Niech będzie pochwalony Jezus Chrystus!

Piszę do Państwa pierwszy raz, choć znamy się poprzez listy i wszystkie przesyłki, które od Was otrzymałam i za które bardzo serdecznie dziękuję. Listy czytam zaraz po wyjęciu z koperty, a „Przymierze…” – od początku do końca. Szczególnie dziękuję za życzenie urodzinowe, byłam mile zaskoczona, że ktoś tak dalece pamięta o moich urodzinach. Tyle miłych słów napisanych odręcznie i tak pięknym pismem. Jeszcze raz dziękuję za wszystko, za piękne „Przymierze z Maryją”. Niech Pan Bóg błogosławi na kolejne dni i lata, pozdrawiam Was serdecznie, życzę sił i zdrowia.

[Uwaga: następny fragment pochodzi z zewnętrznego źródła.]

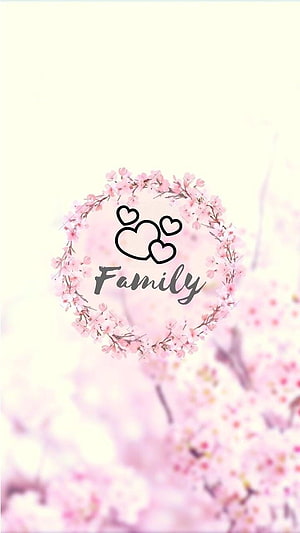 Soft Pink Cherry Blossom Family Heart Icon for Social Media Highlights HD phone wallpaper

Szczęść Boże!

Stała czytelniczka Zofia

 

 

Szanowny Panie Prezesie!

Z całego serca dziękuję za wszystkie materiały, które od Was otrzymuję: za „Przymierze z Maryją”, „Apostoła Fatimy”, kalendarz, za magazyn „Polonia Christiana” oraz wszystkie inne materiały i upominki. Wszystkie czasopisma czytamy, wzbogacając swoją wiedzę katolicką. Dziękuję za wszystkie akcje, które prowadzicie, bo są bardzo potrzebne. Życzę dalszej wytrwałości w działalności Stowarzyszenia Ks. Piotra Skargi, a Boża Opatrzność niech nad Wami czuwa!

Tadeusz z Pomorskiego

 

 

Szczęść Boże!

Dziękuję bardzo za „Przymierze z Maryją” oraz 4. numer „Apostoła Fatimy”. Wszystkie artykuły zawarte w „Przymierzu…” są interesujące. Dużo nowego wnoszą do mojej dotychczasowej wiedzy. Artykuł „Istota postu” autorstwa ks. Bartłomieja Wajdy wskazuje nam drogi, jak rozróżnić istotę postu podjętego z motywu religijnego od „postu”, jako zwykłej czynności świeckiej. Szczególnie zainteresował mnie artykuł „Rozważania o miłosierdziu” autorstwa red. Bogusława Bajora. Moim zdaniem, jeżeli nie będziemy miłosierni wobec osób trzecich, nasze serca staną się zatwardziałe i niezdolne do przykładania miłosierdzia.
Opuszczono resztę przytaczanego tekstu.